**ENTRIES SUPPLIED:**
____

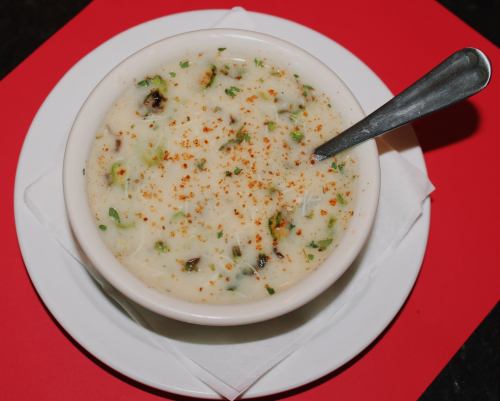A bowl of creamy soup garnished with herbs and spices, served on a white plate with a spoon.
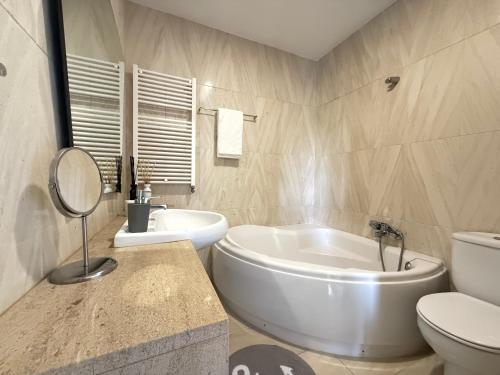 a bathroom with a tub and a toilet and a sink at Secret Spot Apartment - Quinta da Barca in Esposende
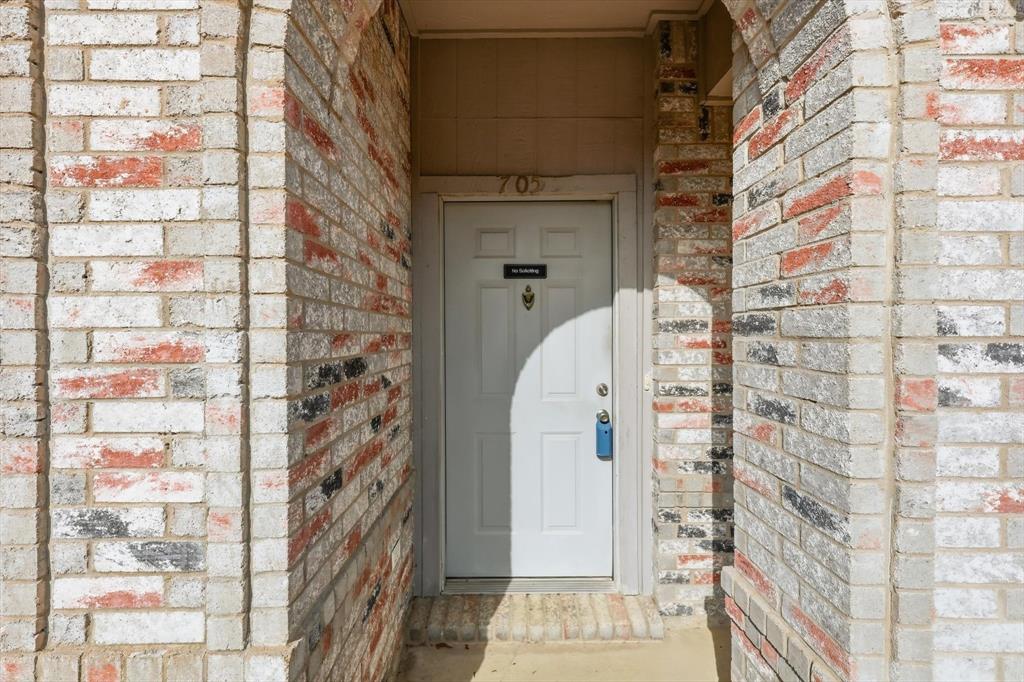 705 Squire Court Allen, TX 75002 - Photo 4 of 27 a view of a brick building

____

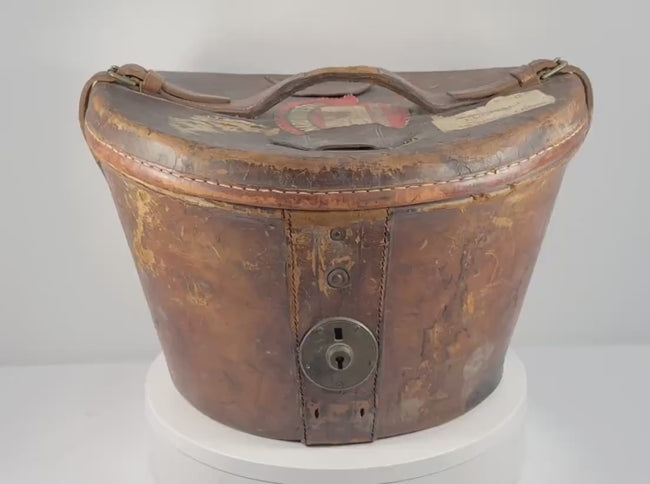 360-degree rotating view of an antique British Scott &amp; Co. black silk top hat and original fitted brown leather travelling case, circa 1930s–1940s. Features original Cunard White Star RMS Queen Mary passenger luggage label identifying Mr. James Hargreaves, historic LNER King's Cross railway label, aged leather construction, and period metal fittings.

____

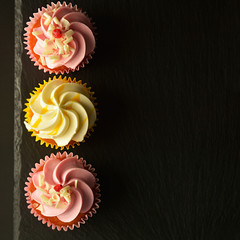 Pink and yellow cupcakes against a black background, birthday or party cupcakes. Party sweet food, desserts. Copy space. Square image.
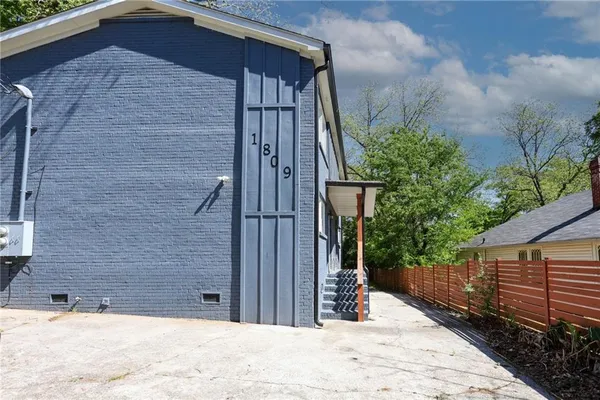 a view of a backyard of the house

____

**EXERCISE DIRECTIONS:** A word-for-word reproduction is needed of the lines above from the line containing "a bathroom with" through the line containing "705 Squire Court", with both ends kept and no pictures.

**RESULT OF THE TASK:**
 a bathroom with a tub and a toilet and a sink at Secret Spot Apartment - Quinta da Barca in Esposende
 705 Squire Court Allen, TX 75002 - Photo 4 of 27 a view of a brick building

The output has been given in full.